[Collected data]

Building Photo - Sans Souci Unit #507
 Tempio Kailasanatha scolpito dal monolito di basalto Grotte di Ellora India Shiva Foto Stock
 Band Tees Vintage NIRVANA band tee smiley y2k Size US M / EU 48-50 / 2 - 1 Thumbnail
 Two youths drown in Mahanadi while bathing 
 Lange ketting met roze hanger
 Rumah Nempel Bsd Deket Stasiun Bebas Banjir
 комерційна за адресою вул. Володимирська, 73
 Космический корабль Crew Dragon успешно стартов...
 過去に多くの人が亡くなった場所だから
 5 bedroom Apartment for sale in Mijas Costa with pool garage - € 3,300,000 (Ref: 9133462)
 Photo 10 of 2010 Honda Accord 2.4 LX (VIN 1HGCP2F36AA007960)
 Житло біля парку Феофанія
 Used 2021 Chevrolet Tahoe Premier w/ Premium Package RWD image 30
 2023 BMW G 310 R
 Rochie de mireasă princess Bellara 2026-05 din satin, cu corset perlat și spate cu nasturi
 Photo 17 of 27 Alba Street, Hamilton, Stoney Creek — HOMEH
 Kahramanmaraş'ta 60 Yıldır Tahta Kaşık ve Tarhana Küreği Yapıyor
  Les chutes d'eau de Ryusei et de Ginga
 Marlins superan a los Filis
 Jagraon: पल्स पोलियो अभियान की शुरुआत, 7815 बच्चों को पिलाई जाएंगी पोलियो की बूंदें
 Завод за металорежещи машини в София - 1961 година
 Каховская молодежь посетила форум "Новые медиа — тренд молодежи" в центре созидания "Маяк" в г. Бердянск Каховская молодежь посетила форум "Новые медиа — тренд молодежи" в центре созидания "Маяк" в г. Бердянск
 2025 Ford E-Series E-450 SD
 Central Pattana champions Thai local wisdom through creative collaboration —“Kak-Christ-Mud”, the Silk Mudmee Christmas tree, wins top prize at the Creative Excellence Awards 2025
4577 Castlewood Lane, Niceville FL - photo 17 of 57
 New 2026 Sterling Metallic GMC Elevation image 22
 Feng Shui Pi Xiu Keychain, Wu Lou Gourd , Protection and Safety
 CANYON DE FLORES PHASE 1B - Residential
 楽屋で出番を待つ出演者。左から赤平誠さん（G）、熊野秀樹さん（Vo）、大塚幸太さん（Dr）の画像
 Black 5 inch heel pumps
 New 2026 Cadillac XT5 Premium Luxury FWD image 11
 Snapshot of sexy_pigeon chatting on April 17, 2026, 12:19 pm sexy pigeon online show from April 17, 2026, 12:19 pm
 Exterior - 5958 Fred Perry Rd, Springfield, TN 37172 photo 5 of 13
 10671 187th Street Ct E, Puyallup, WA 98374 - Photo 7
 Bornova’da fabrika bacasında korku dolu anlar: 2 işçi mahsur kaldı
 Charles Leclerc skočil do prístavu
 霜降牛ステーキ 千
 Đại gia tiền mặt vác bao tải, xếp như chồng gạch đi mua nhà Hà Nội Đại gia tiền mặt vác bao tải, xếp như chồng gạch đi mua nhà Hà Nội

* [What to work on]: Once you find the line containing "4577 Castlewood Lane, Niceville", copy it and every line after it through the end of the records, exactly as they stand.

* [Response area]:
4577 Castlewood Lane, Niceville FL - photo 17 of 57
 New 2026 Sterling Metallic GMC Elevation image 22
 Feng Shui Pi Xiu Keychain, Wu Lou Gourd , Protection and Safety
 CANYON DE FLORES PHASE 1B - Residential
 楽屋で出番を待つ出演者。左から赤平誠さん（G）、熊野秀樹さん（Vo）、大塚幸太さん（Dr）の画像
 Black 5 inch heel pumps
 New 2026 Cadillac XT5 Premium Luxury FWD image 11
 Snapshot of sexy_pigeon chatting on April 17, 2026, 12:19 pm sexy pigeon online show from April 17, 2026, 12:19 pm
 Exterior - 5958 Fred Perry Rd, Springfield, TN 37172 photo 5 of 13
 10671 187th Street Ct E, Puyallup, WA 98374 - Photo 7
 Bornova’da fabrika bacasında korku dolu anlar: 2 işçi mahsur kaldı
 Charles Leclerc skočil do prístavu
 霜降牛ステーキ 千
 Đại gia tiền mặt vác bao tải, xếp như chồng gạch đi mua nhà Hà Nội Đại gia tiền mặt vác bao tải, xếp như chồng gạch đi mua nhà Hà Nội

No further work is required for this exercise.